BMI/CS 776 Course Project
Project Milestones
- March 16: project proposal due
- April 20: progress report due
- May 11: final report due
The Project Proposal
Your proposal should discuss three aspects of your proposed project.
- What is the goal of the project? What questions are you
investigating? What are the hypotheses?
- What algorithms/methods will you implement?

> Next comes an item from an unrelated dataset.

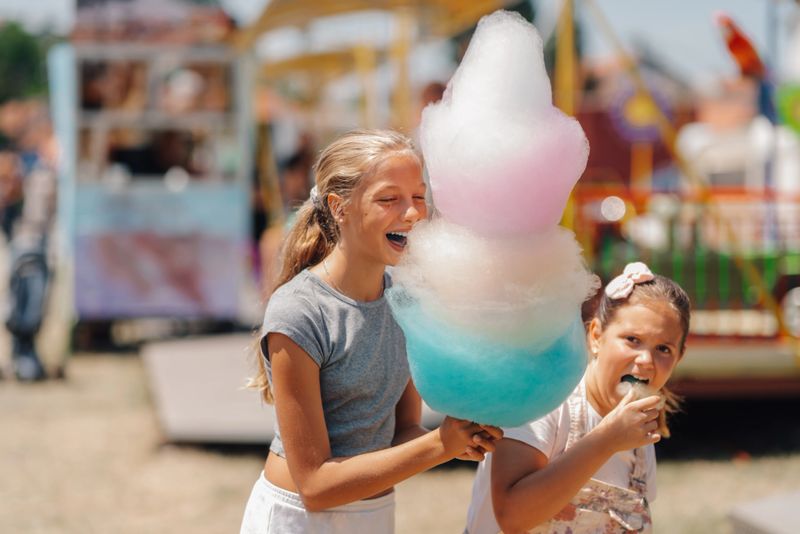 Two sisters are having fun eating a huge, colorful cotton candy at an amusement park, creating a sweet and joyful summer memory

- What experiments will you run? What data sets will you use?
What will you vary/compare in your experiments? What will you measure?
Incomplete List of Project Suggestions
- Create a model of sequence evolution that explicitly models
insertions and deletions due to replication slippage. Develop an
alignment algorithm based on this model.
- Design an ab initio motif-finding method (i.e., it
discovers new classes of motifs) that takes into account dependencies
between non-adjacent positions.
- Design, implement and evaluate an algorithm for identifying
cis-regulatory modules (arrangements of binding site motifs that
regulate a set of genes under certain conditions).
- Compare the time to convergence and the resulting accuracy when
EM and Gibbs sampling are used in a model with hidden state. The
model could be a MEME-style motif model, another type of hidden Markov
model, a stochastic context free grammar, a mixture model, etc.
- Implement a method for gene finding that employs multiple
genomes. Investigate how the accuracy of the predictions are affected
by how closely related the informant genome is (e.g. you might use,
say, mouse, zebrafish, and fruit fly as the informant genomes).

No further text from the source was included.